====== Data shown ======

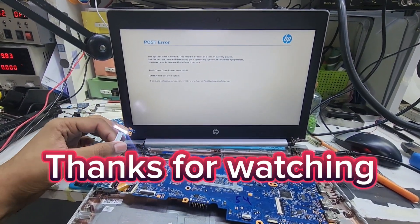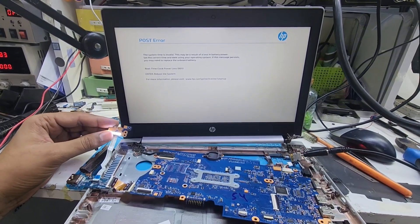Thank you very much for watching the video, guys. You can see it is working now. Thank you very much for watching.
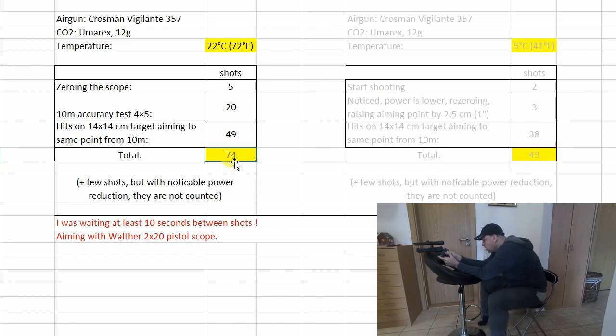I was waiting at least 10 seconds between shots. This may vary depending on how fast you are shooting — if you shoot too fast, the CO2 will cool down and lose power.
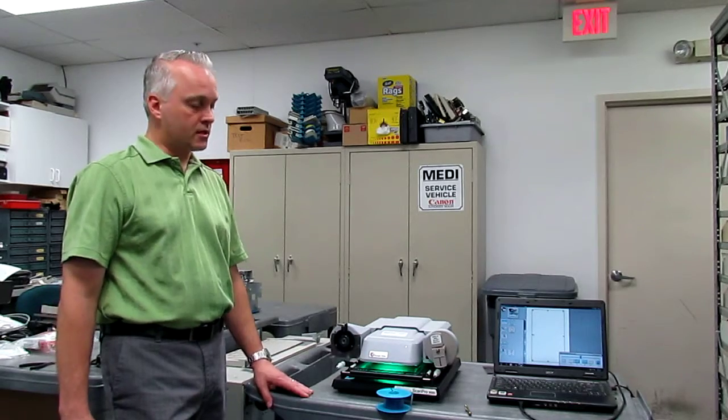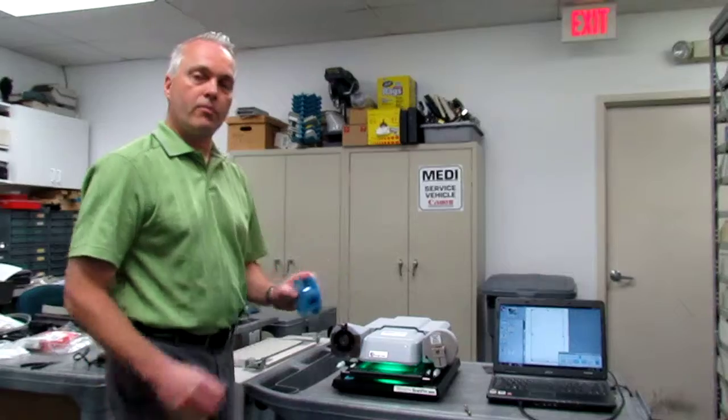Hi, I'm Bill. I'm a service technician with MEDI. Today I'm going to show you how easy it is to use the ScanPro Microfilm Digital Scanner with 35mm open reel film.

======

*What to produce:*
Give back the data exactly. Skip any images.

*Solution below:*
Thank you very much for watching the video, guys. You can see it is working now. Thank you very much for watching.
I was waiting at least 10 seconds between shots. This may vary depending on how fast you are shooting — if you shoot too fast, the CO2 will cool down and lose power.
Hi, I'm Bill. I'm a service technician with MEDI. Today I'm going to show you how easy it is to use the ScanPro Microfilm Digital Scanner with 35mm open reel film.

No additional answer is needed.